How to learn Query Optimization Basics for Data Warehousing in Data Engineer for free

Who this is for

Data Engineers and Analytics Engineers who run or maintain warehouse queries (ELT pipelines, dashboards, ad-hoc analyses) and want faster, cheaper, more reliable results.

Prerequisites

Comfortable writing basic SQL (SELECT, WHERE, JOIN, GROUP BY).
Know your warehouse basics: tables, partitions/clustering/sort keys (conceptually), and how to run EXPLAIN/QUERY PLAN.

Why this matters

In a data warehouse, inefficient queries waste time and money. As a Data Engineer you will:

Keep BI dashboards responsive during peak hours.
Cut compute/storage costs by scanning less data.
Meet SLAs for batch jobs and backfills.
Make incident triage faster with explain plans and quick fixes.

Reality check: where performance goes

Scanning entire fact tables when only a recent window is needed.
Joining before filtering, exploding rows and network shuffle.
SELECT * pulling unneeded columns through every stage.
Non-sargable predicates (wrapping columns in functions) that break partition pruning and indexes.

Concept explained simply

Query optimization means returning the same correct results while reading less data, moving less data, and doing less work. In warehouses, that mostly means: prune early, project fewer columns, filter before join, and aggregate as soon as possible.
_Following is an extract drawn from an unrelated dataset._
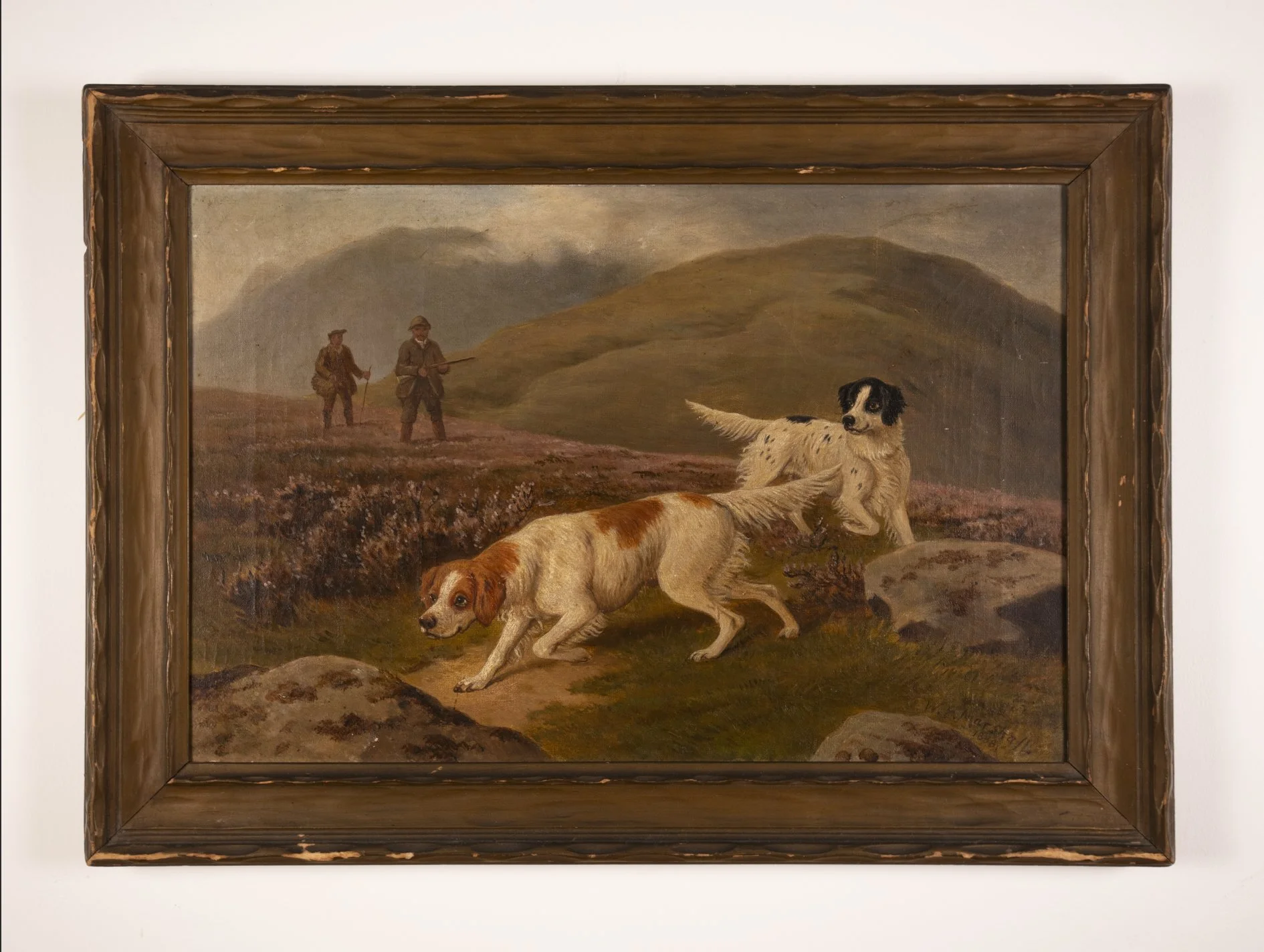 Vintage Pastoral Hunting Dogs by W.E. Marshall, 1888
Mental model: shortest path with the smallest load

Imagine moving boxes across a warehouse:

Pick only the boxes you need (project needed columns).
Pick from the right aisle first (filter on partition/sort keys).
Combine boxes near their source (pre-aggregate before big joins).
Avoid re-walking the warehouse (reuse results/materialize when stable).

Core techniques you will reuse

Project only needed columns. Replace SELECT * with explicit columns. Smaller rows = less I/O and shuffle.
Filter early using sargable predicates. Write predicates that let the engine prune partitions and skip blocks (e.g., order_date >= '2026-01-01', not DATE(order_date) >= ...).
Partition pruning. Ensure queries include filters on the partition key (often date) with simple comparisons, not wrapped in functions.
Join after filtering. Reduce each table as much as possible before joining. Join on keys, not derived expressions.
Pre-aggregate facts. Aggregate big fact tables to the needed grain before joining to dimensions.
Right-sized windows. For window functions, partition and order on selective keys; avoid unnecessary PARTITION BY that multiplies work.
Avoid unnecessary DISTINCT. Prefer GROUP BY with intended grain. DISTINCT over large joins can be very expensive.
Use appropriate sampling/approximation when acceptable. For exploratory analysis, use LIMIT/SAMPLE or approximate aggregates as allowed by requirements.
Keep statistics fresh. Up-to-date stats/cardinality help the optimizer pick join orders and algorithms.
Persist hot aggregates. Materialize stable, frequently used aggregates to avoid repeating heavy computation (e.g., daily rollups).

Worked examples

Example 1 — Partition pruning and sargable filters

Goal: last 30 days revenue by region.

Unoptimized:

SELECT r.region_name, SUM(f.revenue) AS revenue
FROM fact_sales f
JOIN dim_region r ON f.region_id = r.region_id
WHERE DATE(f.order_ts) >= CURRENT_DATE - 30  -- non-sargable
GROUP BY 1;

Issues: wrapping order_ts prevents pruning; joins before filtering.

Optimized:

WITH recent AS (
  SELECT region_id, revenue
  FROM fact_sales
  WHERE order_ts >= CURRENT_DATE - INTERVAL '30 day'  -- sargable
)
SELECT r.region_name, SUM(revenue) AS revenue
FROM recent
JOIN dim_region r USING (region_id)
GROUP BY r.region_name;

Effect: partition pruning on order_ts; fewer rows joined and shuffled.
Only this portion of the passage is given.